◆ Exercise goal: Please repeat only the lines below starting at the line that holds "华为终端官宣华为Pura系列" and ending at the line that holds "Current affairs Booster", exactly, with both of those lines included and every picture omitted.

◆ Data listing:
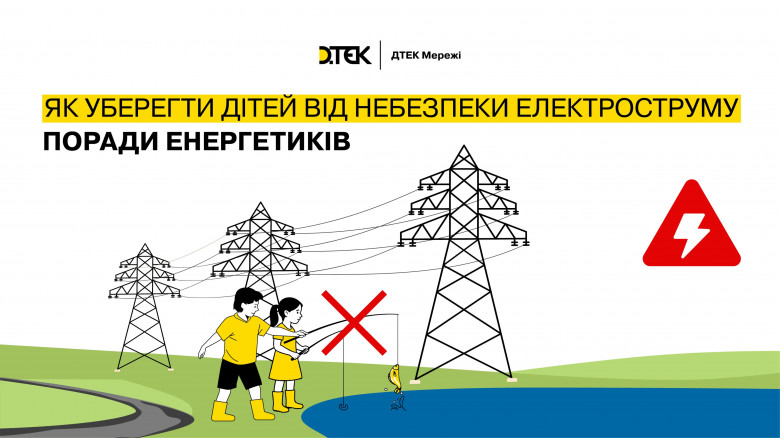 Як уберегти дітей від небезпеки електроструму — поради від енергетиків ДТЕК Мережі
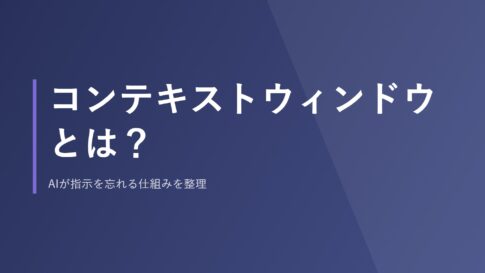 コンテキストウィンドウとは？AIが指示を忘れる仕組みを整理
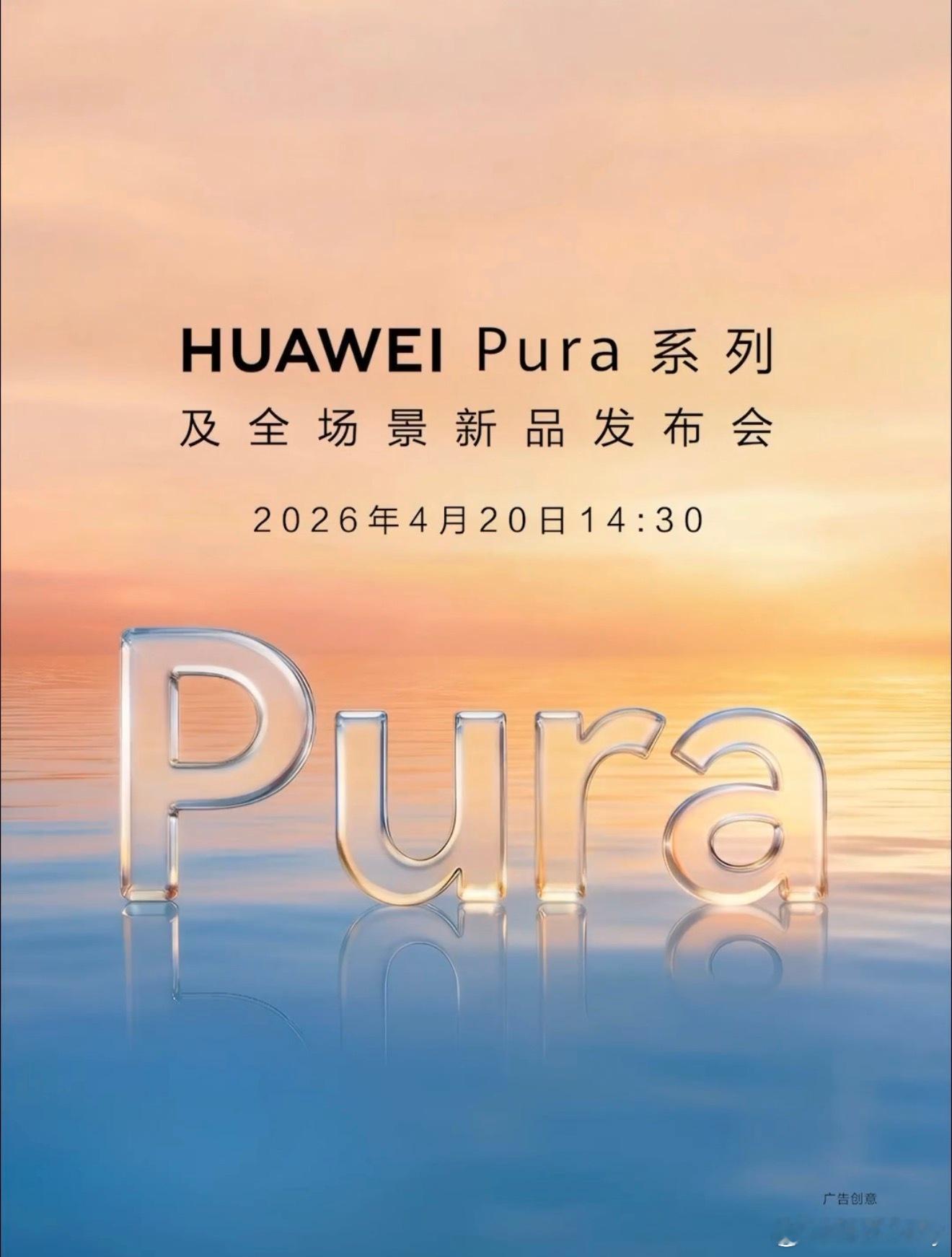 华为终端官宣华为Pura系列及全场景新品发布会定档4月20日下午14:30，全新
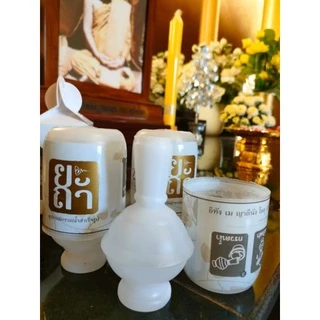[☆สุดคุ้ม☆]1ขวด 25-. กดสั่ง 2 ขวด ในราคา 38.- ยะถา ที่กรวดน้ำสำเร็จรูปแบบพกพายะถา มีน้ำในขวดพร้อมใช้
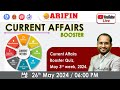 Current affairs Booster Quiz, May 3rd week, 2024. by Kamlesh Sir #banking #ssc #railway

--

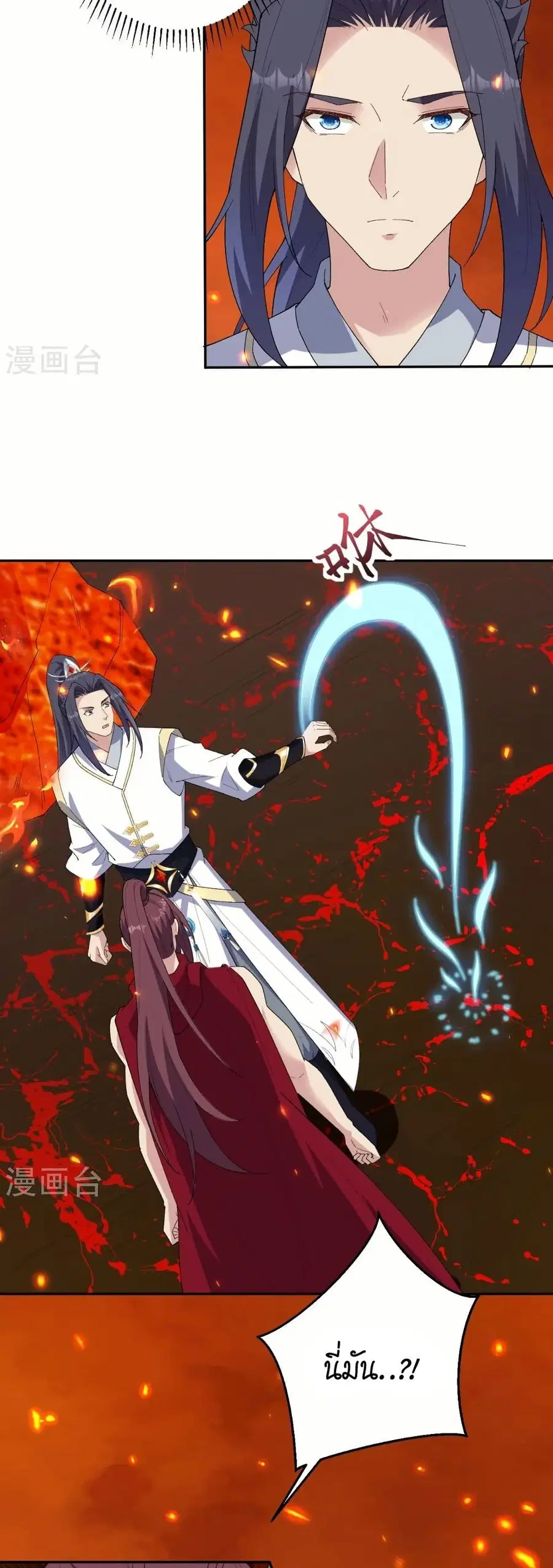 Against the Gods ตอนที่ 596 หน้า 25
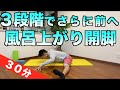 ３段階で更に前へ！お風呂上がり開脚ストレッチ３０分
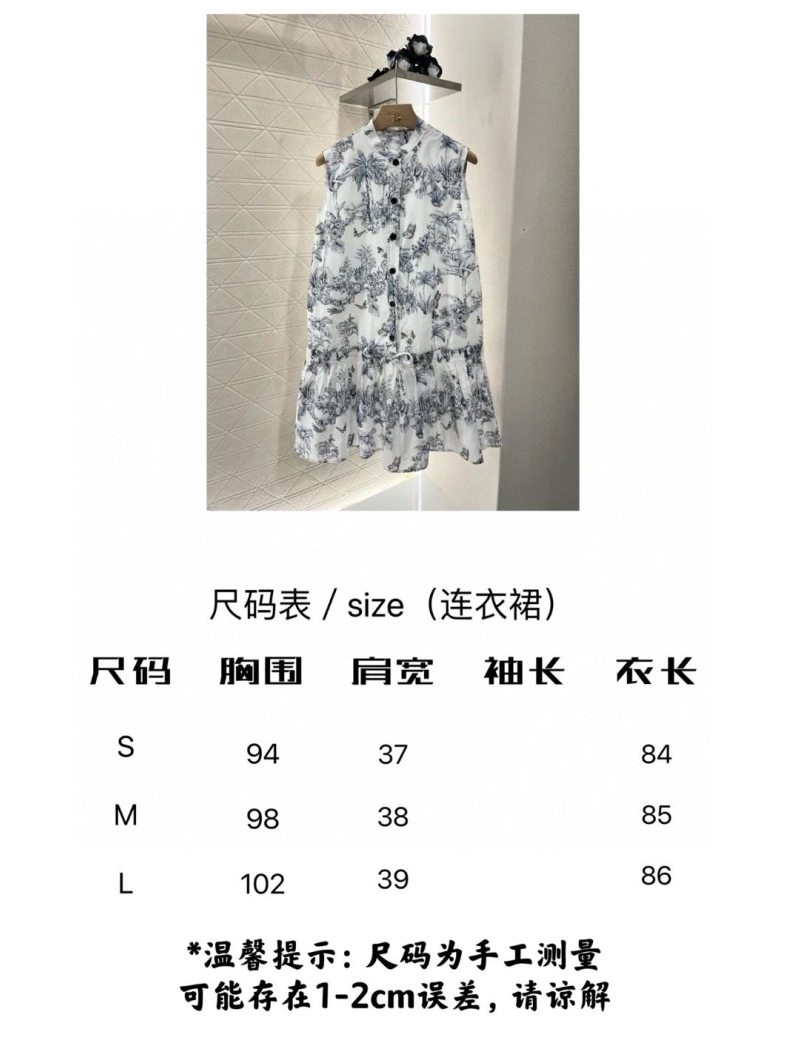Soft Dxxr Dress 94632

---

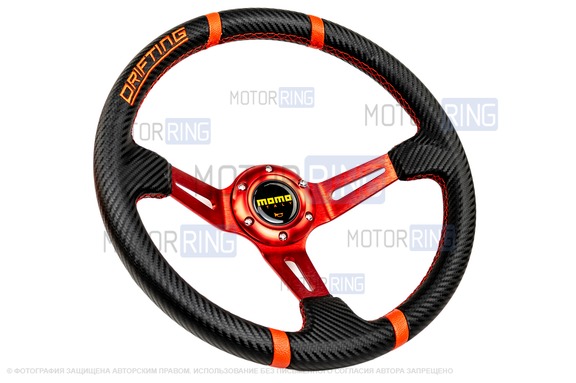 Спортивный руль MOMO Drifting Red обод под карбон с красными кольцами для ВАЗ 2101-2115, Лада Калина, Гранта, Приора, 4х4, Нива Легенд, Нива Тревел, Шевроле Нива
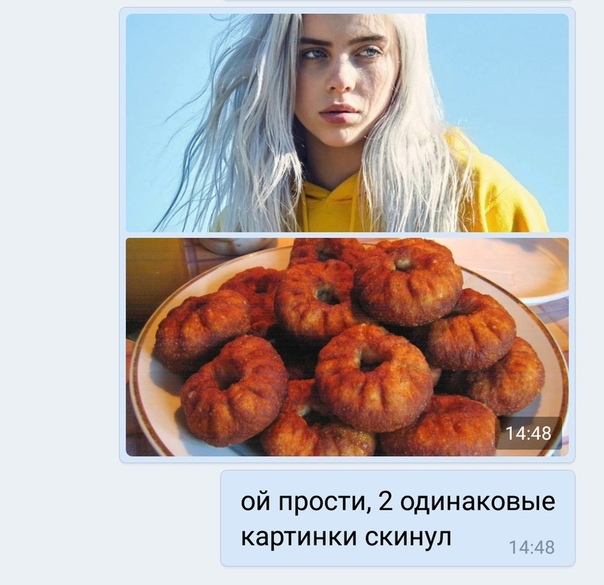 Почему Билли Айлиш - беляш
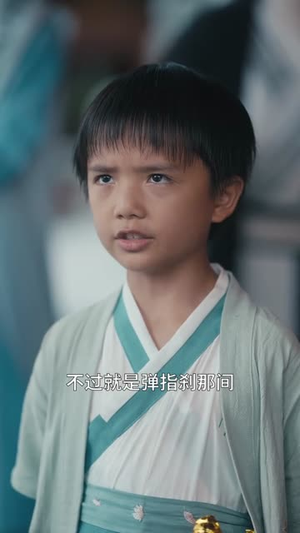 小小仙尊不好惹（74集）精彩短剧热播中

◆ Task answer:
 华为终端官宣华为Pura系列及全场景新品发布会定档4月20日下午14:30，全新
[☆สุดคุ้ม☆]1ขวด 25-. กดสั่ง 2 ขวด ในราคา 38.- ยะถา ที่กรวดน้ำสำเร็จรูปแบบพกพายะถา มีน้ำในขวดพร้อมใช้
 Current affairs Booster Quiz, May 3rd week, 2024. by Kamlesh Sir #banking #ssc #railway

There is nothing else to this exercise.